Kebijakan pembatasan waktu orgen tunggal ini mendapat respons yang beragam dari masyarakat. Sebagian besar warga menyambut baik langkah tersebut karena dinilai mampu mengurangi gangguan kebisingan yang selama ini menjadi keluhan utama.

Beberapa warga mengaku merasa lebih nyaman dengan adanya pembatasan waktu tersebut. Mereka berharap kebijakan ini dapat diterapkan secara konsisten agar tidak ada lagi kegiatan hiburan yang mengganggu waktu istirahat masyarakat.

Namun demikian, masih ada sebagian masyarakat yang belum sepenuhnya memahami aturan ini. Oleh karena itu, diperlukan upaya sosialisasi yang lebih intensif agar seluruh lapisan masyarakat dapat mengetahui dan mematuhi ketentuan yang berlaku.

Kapolres menegaskan bahwa pihaknya akan terus melakukan sosialisasi secara masif melalui berbagai saluran, baik secara langsung maupun melalui media sosial dan media massa. Hal ini dilakukan agar informasi terkait aturan tersebut dapat menjangkau seluruh masyarakat.

“Kami akan terus menyosialisasikan aturan ini agar tidak ada lagi masyarakat yang tidak tahu. Tujuan kami adalah menciptakan lingkungan yang aman dan nyaman bagi semua,” ujarnya.

Ia juga menambahkan bahwa kebijakan ini bukan untuk membatasi kebebasan masyarakat dalam menggelar acara, melainkan untuk memastikan bahwa setiap kegiatan tetap berjalan dengan tertib dan tidak merugikan pihak lain.

Dengan adanya penegasan ini, diharapkan masyarakat semakin sadar akan pentingnya mematuhi aturan yang telah ditetapkan.

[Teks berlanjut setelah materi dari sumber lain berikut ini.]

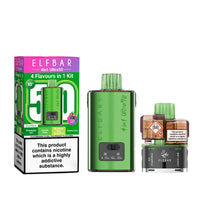 Elf Bar 4 in 1 Ultra 50 Vape Kit 50K Puffs 20mg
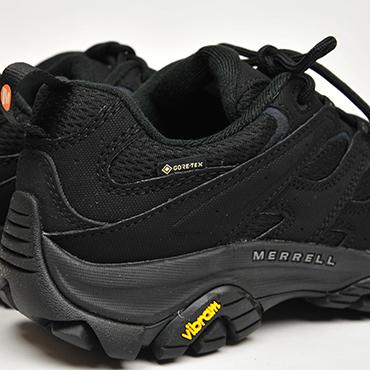 MERRELL（メレル） モアブ 3 シンセティック ゴアテックス ブラック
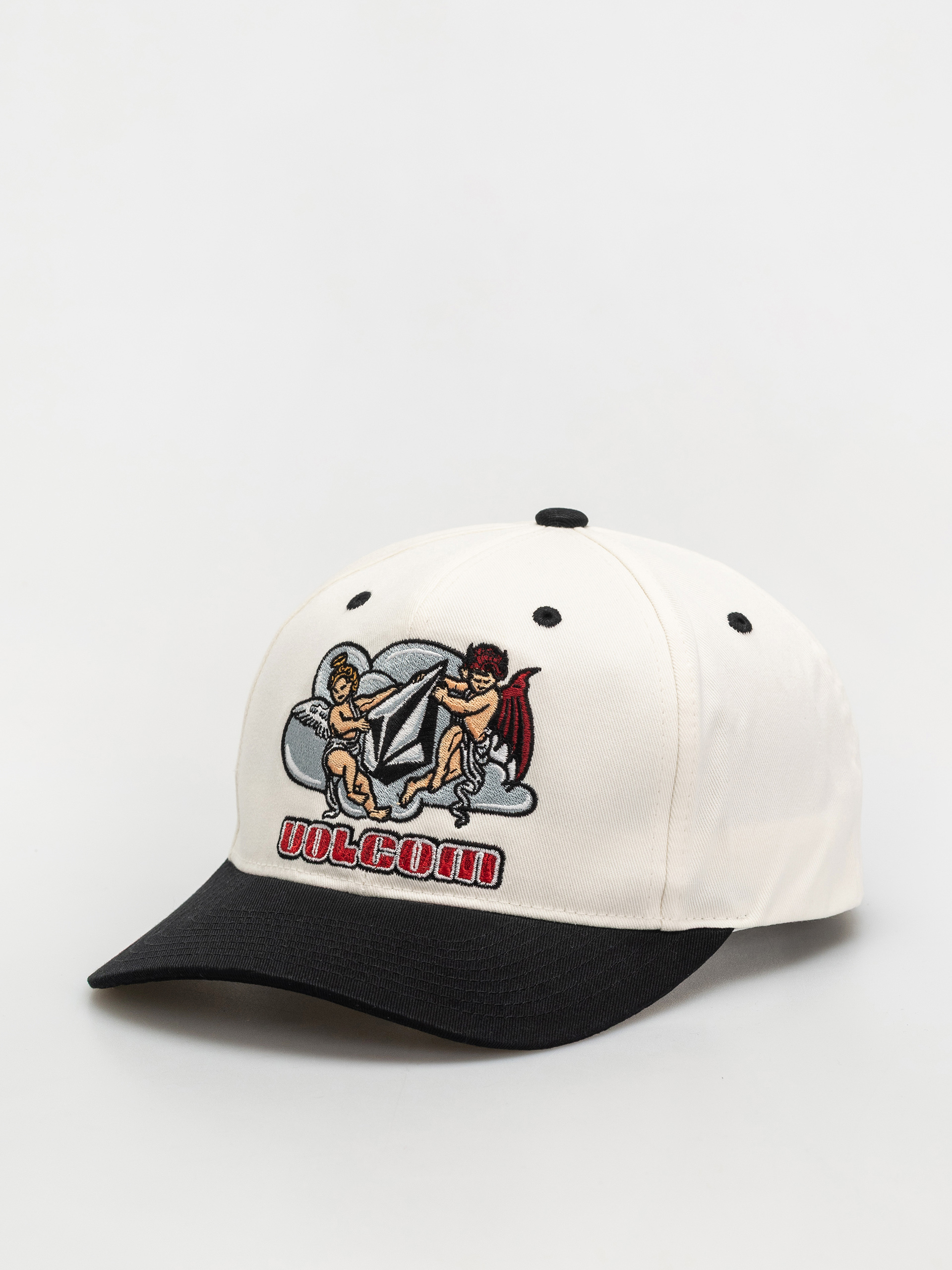 Șapcă Volcom Good And Evil (off white)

Kepatuhan terhadap aturan merupakan salah satu bentuk kontribusi nyata dalam menjaga keamanan dan ketertiban lingkungan.

Pemerintah daerah bersama aparat kepolisian akan terus berkomitmen untuk menciptakan situasi yang kondusif di wilayah Kabupaten Lampung Utara. Sinergi antara aparat dan masyarakat menjadi kunci utama dalam mewujudkan lingkungan yang aman, tertib, dan harmonis.

Pada akhirnya, keberhasilan dalam menjaga ketertiban umum tidak hanya bergantung pada aparat penegak hukum, tetapi juga pada kesadaran dan partisipasi aktif masyarakat. Dengan saling menghormati dan mematuhi aturan, kehidupan bermasyarakat yang damai dan sejahtera dapat terwujud.